16 Ik herhaal, laat niemand denken dat ik dwaas ben. Maar als je dat toch doet, aanvaard mij dan zoals je een dwaas zou aanvaarden, zodat ook ik wat mag pochen. 17 Ik zeg dit niet op gezag van de Heer; ik spreek met het zelfvertrouwen van een dwaas, zodat ik ook kan pochen. 18 Er zijn zoveel mensen die pochen over menselijke prestaties; laat mij ook eens pochen. 19 Jullie zijn immers zo verstandig dat jullie dwaze mensen graag verdragen! 20 In feite verdragen jullie het als iemand jullie als slaaf behandelt, als iemand jullie uitbuit, als iemand misbruik van jullie maakt, als iemand zich boven jullie verheft, als iemand jullie in het gezicht slaat. 21 Tot mijn schande moet ik zeggen dat wij daarvoor te zwak waren.
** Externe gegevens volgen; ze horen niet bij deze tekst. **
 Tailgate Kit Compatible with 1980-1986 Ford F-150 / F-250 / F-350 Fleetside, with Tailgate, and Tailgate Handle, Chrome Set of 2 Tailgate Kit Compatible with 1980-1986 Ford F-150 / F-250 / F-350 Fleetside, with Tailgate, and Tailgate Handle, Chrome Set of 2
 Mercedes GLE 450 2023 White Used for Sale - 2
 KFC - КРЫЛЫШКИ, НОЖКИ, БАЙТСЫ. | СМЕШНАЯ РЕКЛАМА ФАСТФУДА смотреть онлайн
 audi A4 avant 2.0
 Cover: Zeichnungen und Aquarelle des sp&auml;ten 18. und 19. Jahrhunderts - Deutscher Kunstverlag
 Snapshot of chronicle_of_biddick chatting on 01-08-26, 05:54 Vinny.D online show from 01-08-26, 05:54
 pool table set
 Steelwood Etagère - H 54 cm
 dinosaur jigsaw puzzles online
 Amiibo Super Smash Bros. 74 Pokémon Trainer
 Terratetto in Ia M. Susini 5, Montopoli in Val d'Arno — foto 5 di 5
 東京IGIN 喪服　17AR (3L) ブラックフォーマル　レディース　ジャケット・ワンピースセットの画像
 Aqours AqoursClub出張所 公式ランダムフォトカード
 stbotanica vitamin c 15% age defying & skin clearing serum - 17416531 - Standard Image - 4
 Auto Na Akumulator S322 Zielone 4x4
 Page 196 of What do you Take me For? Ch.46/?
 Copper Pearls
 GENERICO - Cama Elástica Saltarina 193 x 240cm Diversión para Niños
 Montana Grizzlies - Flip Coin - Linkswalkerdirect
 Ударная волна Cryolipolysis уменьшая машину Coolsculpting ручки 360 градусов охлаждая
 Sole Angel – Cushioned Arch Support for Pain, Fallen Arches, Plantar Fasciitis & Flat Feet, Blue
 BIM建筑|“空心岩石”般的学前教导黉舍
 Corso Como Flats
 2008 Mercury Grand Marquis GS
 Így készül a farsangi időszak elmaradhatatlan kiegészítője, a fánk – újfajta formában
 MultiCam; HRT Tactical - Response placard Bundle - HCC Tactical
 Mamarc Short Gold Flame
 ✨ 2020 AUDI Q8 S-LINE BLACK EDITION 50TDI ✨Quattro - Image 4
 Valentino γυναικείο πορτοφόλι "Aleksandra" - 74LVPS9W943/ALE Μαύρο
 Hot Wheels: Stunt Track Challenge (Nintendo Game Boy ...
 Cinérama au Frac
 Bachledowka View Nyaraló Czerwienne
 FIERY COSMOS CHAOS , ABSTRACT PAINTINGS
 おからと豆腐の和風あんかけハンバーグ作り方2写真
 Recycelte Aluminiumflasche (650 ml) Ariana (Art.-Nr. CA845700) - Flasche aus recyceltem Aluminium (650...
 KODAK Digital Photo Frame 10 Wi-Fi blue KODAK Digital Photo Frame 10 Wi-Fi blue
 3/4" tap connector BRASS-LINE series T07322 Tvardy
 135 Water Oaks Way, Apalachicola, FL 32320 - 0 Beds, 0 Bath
Maar wat iemand ook durft te zeggen – ik spreek als een dwaas – ik durf het ook. 22 Zij zijn Hebreeërs? Ik ook. Zij zijn Israëlieten? Ik ook. Zij zijn afstammelingen van Abraham? Ik ook. 23 Zij staan in dienst van Christus? Nu spreek ik als iemand die niet bij zijn verstand is: ik nog meer. Ik heb meer werk verricht, heb vaker gevangengezeten, heb vaker lijfstraffen ondergaan en ben vaker in doodsgevaar geweest. 24 Vijfmaal heb ik van de Joden de veertig-min-een zweepslagen gekregen. 25 Driemaal ben ik met stokken afgeranseld, eenmaal ben ik met stenen bekogeld, driemaal heb ik schipbreuk geleden, ik heb een nacht en een dag op volle zee doorgebracht. 26 Tijdens mijn vele reizen ben ik in gevaar geweest door overstroming, in gevaar door rovers, in gevaar door mijn volksgenoten, in gevaar door niet-Joden, in gevaar in de stad, in gevaar in afgelegen gebieden, in gevaar op zee en in gevaar door schijnchristenen. 27 Ik heb gewerkt en gezwoegd, veel slapeloze nachten gehad, honger en dorst geleden, vaak niets te eten gehad, kou geleden en niet altijd voldoende kledij gehad. 28 En naast dat alles is er nog de dagelijkse druk van de zorg voor alle kerkgemeenschappen. 29 Als iemand zwak is, zal ik me dan niet ook zwak voelen? Als iemand tot zonde wordt aangezet, zal ik me dan niet opwinden? 30 Als ik moet pochen, zal ik pochen over mijn zwakheid. 31 De God en Vader van de Heer Jezus – Hem komt voor altijd de eer toe – weet dat ik niet lieg. 32 In Damascus liet de gouverneur onder koning Aretas de stadsmuren bewaken om mij te kunnen arresteren. 33 Ik ben aan hem ontsnapt door in een mand via een venster in de stadsmuur te worden neergelaten.